このようにまだまだ謎に包まれている旧石器時代の落とし穴ですが、重要なのは、落とし穴が当時の社会のあり方を示す痕跡でもあることです。深さ2メートル級の穴をいくつも掘り、管理するには多くの労力が必要であり、単独では不可能です。また、旧石器時代の人々はまだ縄文時代のような定着的な生活をしておらず、動物を求めて移動を繰り返す生活を送っていたと考えられています。そのようななか、獲物を狙うために、一定の場所に留まりながら組織的に落とし穴を作った集団がいたことが分かったのです。
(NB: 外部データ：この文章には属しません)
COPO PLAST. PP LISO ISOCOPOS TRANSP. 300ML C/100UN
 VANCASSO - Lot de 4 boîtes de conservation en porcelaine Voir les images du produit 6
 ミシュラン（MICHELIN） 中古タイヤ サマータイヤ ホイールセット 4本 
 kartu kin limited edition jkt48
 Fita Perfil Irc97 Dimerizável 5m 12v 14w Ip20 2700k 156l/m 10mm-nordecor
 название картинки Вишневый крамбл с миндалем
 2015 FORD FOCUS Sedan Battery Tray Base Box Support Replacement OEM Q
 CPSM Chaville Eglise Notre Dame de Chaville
このように旧石器時代の落とし穴は、約3万年前の人々の生活と社会のあり方を知る貴重な手がかりにもなるのです。
(考古学担当:萩野)
落とし穴の断面(打木原遺跡)
中央の色の濃い部分が、落とし穴の掘り込みを埋めた堆積土。細かい線は「分層」と呼ばれ、調査時に土の特徴を記録するために引かれたもの。
〔出典:佐藤明生2002『打木原遺跡』横須賀市緑政部・横須賀市教育委員会〕
落とし穴群の分布(船久保遺跡)
円形と長方形、2種類の落とし穴が列をなして分布していることがわかる。上が北。